Vous me permettez de t'appeler Michel ?

Michel est décédé le 6 janvier. J'ai appris ça par hasard, en lisant les messages de divers mailing lists de linguistes encore plus beaux que la plus belle de tes copies. Michel, c'était mon professeur de linguistique en master 2, et puis aussi en agrégation. Michel, vous me permettez de t'appeler Michel ? Jamais je n'aurais osé en cours, mais en dehors, c'était comme ça qu'on t'appelait, mes amis et moi.

La nouvelle m'a heurtée, touchée, au fond, là où mon cœur bat. On s'y attendait, j'en parlais justement avec mon directeur de thèse même pas une semaine avant ton décès... J'ai été (réflexe sublime) sur le Facebook d'un camarade de classe qui avait décidé, lui, de rester avec Michel pour son doctorat. (Je suis un peu la fille rebelle, qui décide de lâcher sa Sorbonne tranquille pour aller étudier internet un peu plus loin.)

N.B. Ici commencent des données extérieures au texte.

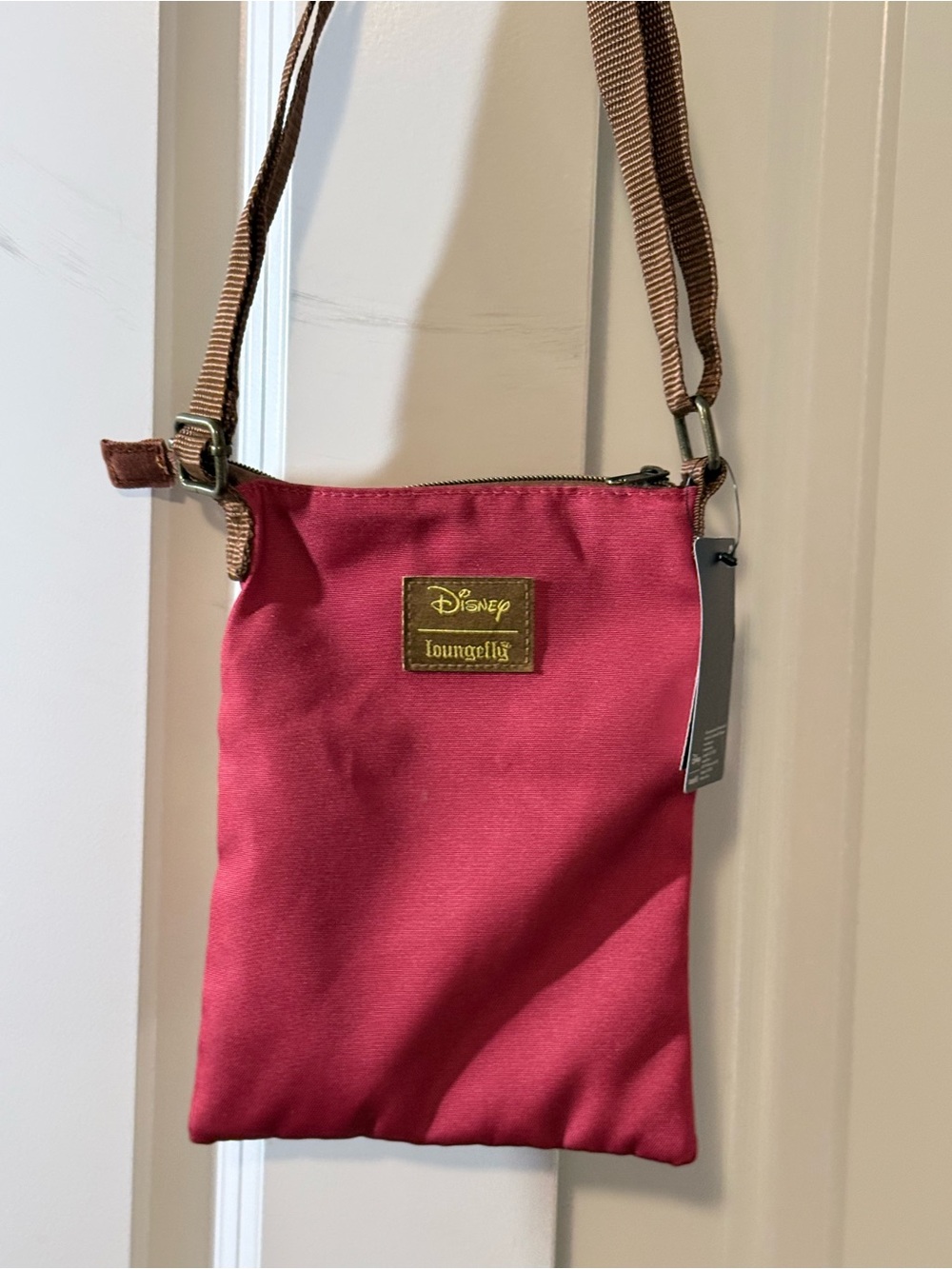 Loungefly Red & Yellow Winnie the Pooh Crossbody Bag - Picture 4 of 6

Sur le profil de mon camarade, une photo de toi, Michel. Je me suis souvenue alors de tes cheveux tout fous qui poussaient de chaque côté de ta calvitie comme une sorte de hibou hébété, de tes pulls approximatifs, de tes petites manies, de tes chaînes porte-lunettes, et j'ai pleuré. Parce que j'aimais tes grands gestes et soupirs quand tu étais parti ailleurs dans une explication. Je me souviens que j'étais vraiment pas la dernière en cours, et je me souviens de cette ambiance sympa, de notre salle. Je me souviens t'avoir trouvé un air de ressemblance avec Magnéto (j'ose à peine le dire, mais la mort permet des choses que la raison ignore), et qu'on s'était bien marrées avec L, mon amie de cours.

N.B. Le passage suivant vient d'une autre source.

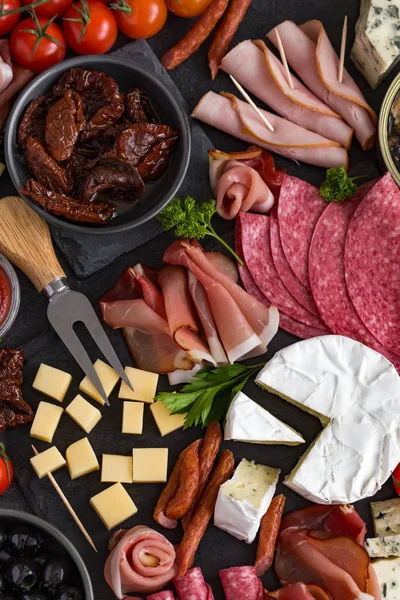 Antipasti platter. Cheese and meat appetizer selection. — Stock Photo, Image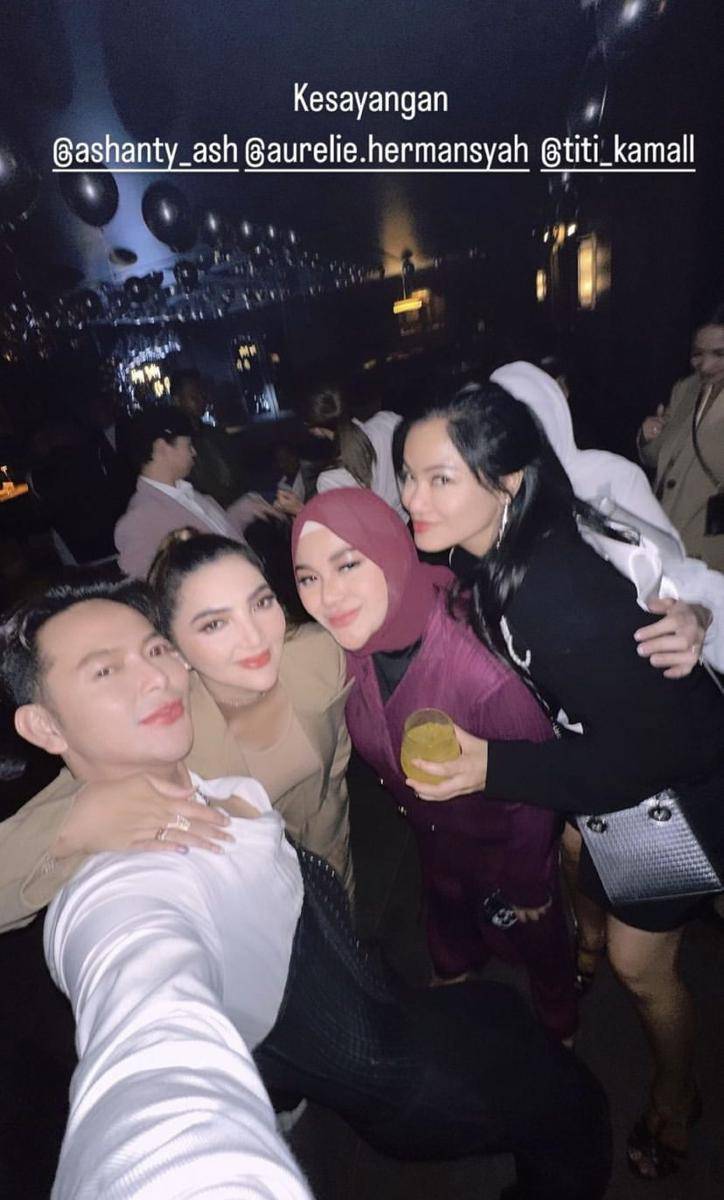 potret Titi Kamal di ultah ke-44 Olla Ramlan (instagram.com/titi_kamall)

C'est le cœur serré que je perds une des grandes figures de mon apprentissage linguistique. Je me souviens du fouillis intelligent de tes cours, Michel, et je déplore ne pas t'avoir plus connu. Tu ne liras jamais ma thèse finie, alors que tu devais être à ma soutenance. Tu n'annoteras jamais plus une copie d'étudiant sur The Great Gatsby.

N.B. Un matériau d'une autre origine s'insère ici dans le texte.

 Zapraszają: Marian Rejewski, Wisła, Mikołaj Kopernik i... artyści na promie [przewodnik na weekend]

J'aimerais avoir le courage post mortem de te dire que le jour où je suis venue te voir pour te dire que je ne ferai pas ma thèse sous ta direction, j'ai pleuré toutes les larmes de mon corps, parce que c'était si difficile de--me semblait-il-- te décevoir. J'aimerais t'adresser tout mon respect et ma profonde admiration amusée par tes mimiques malicieuses. J'aimerais m'excuser d'avoir raté tes obsèques. Et puis aussi, tout humblement, j'aimerais te dire "Merci, Michel."